Во взоре его – отчаяние. «Ну, – думает он, – теперь я действительно умру в спокойствии, как предсказывали те, кто считал этот вояж в одиночестве безумием. Теперь я здесь тихонечко скончаюсь, как мошка. Меня предупреждали: «Не езди в городок, где никого не знаешь; человек слаб, а ты, Гольдберг, слаб вдвойне».

– Я знаю, что вас нельзя оставлять совсем одного, – продолжает женщина, рассматривая больного, – и поэтому договорилась с Урсулкой. Ей уже десять лет, и она сделает все, что нужно. Она придет сегодня к вечеру.

– Вы должны ехать, пани Марийка?

– К сожалению, должна… – Изящное движение головкой, губы что-то беззвучно шепчут, взгляд устремляется на больного, потом в глубь леса.

Одиннадцатый час, женщина выходит. Больной остается один. От мыслей звенит в голове. Мысли клубятся, как дорожная пыль. Тысяча проклятий обрушивается на голову доктора Гольдберга (они были только друзьями, ни в каком родстве не состояли, несмотря на сходство фамилий), который отправил его сюда. В домике, принадлежавшем доктору Гольдбергу, Марийка жила одна, муж ее работал «где-то в Польше», кажется, строил аэродромы. Через несколько дней по прибытии на место с Гольдбергом случилось что-то вроде инфаркта; был ли это инфаркт, не известно, во всяком случае, здешний врач предписал ему абсолютный покой. Марийка заботливо ухаживала за ним, благо была знакомой доктора Гольдберга, а теперь вот покидает больного.

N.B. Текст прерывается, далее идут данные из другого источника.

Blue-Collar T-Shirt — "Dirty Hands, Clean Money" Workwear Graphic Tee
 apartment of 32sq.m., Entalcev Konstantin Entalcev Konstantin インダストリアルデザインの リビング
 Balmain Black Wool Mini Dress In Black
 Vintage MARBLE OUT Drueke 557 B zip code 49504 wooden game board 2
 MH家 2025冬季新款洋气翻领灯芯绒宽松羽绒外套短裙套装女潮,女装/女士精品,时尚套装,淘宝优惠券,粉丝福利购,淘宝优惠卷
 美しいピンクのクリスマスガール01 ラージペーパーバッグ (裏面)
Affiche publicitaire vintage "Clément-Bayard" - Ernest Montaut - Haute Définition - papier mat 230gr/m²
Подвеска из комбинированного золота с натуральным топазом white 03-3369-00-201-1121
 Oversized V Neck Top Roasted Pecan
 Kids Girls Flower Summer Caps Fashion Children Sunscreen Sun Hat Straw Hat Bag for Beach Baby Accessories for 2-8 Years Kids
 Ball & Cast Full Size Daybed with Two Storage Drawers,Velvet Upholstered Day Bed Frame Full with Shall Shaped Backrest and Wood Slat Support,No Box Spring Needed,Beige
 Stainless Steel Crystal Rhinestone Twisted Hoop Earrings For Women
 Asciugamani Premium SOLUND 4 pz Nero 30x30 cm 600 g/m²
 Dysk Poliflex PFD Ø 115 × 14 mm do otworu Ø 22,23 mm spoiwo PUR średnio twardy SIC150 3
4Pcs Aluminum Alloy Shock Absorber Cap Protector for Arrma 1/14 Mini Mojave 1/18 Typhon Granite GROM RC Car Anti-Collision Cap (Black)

На закате дверь отворяется, полуживой Гольдберг не чает увидеть Урсулу.

«Урсула» входит, заполнив собой весь дверной проем; это парень – дюжий, смотрит волком, ручищи такие, что без труда раздавят череп; лицо недовольное, злое, коротко острижен. Из кармана пиджака торчит «бутылочка». Единственная вещь, которая портит образ типичного убийцы, – это труба, свисающая с плеча на длинном шнурке.

«Ничего себе «Урсула», – соображает малютка Гольдберг. – Такой «Урсуле» я на одну понюшку. «Урсула» явно проведала, что у Марийки поселился одинокий ветхозаветный еврей и явилась засвидетельствовать мне свое почтение. Наверняка ему наговорили, что я, как и всякий ветхозаветный, лежу на золоте. А если мой матрац и не набит золотом, то уж, конечно, у меня имеются швейцарские часики, браслетик, обручальное колечко, портсигарчик плюс пара тысченок наличными, один-другой приличный костюм, хороший чемодан из добротной кожи. Значит, стоит нанести мне визит и при удобном случае свернуть шею. Бывало, что отправляли на тот свет даже из-за мелочи. Ну, прощай, Гольдберг, еще минута, и «Урсула» споет тебе: «Спи спокойно, милый мой».

На чистой простыне в подштанниках и шерстяных носках табачного цвета лежит, обливаясь холодным потом, гражданин Гольдберг и поглядывает на «Урсулу». «Урсула» в свою очередь рассматривает козявку в кровати и пока что не делает никаких резких движений. Оба эти гражданина в молчании смотрят друг на друга. «Урсула» время от времени косится по сторонам, потом снова устремляет взгляд на больного в носках табачного цвета на маленьких ножках.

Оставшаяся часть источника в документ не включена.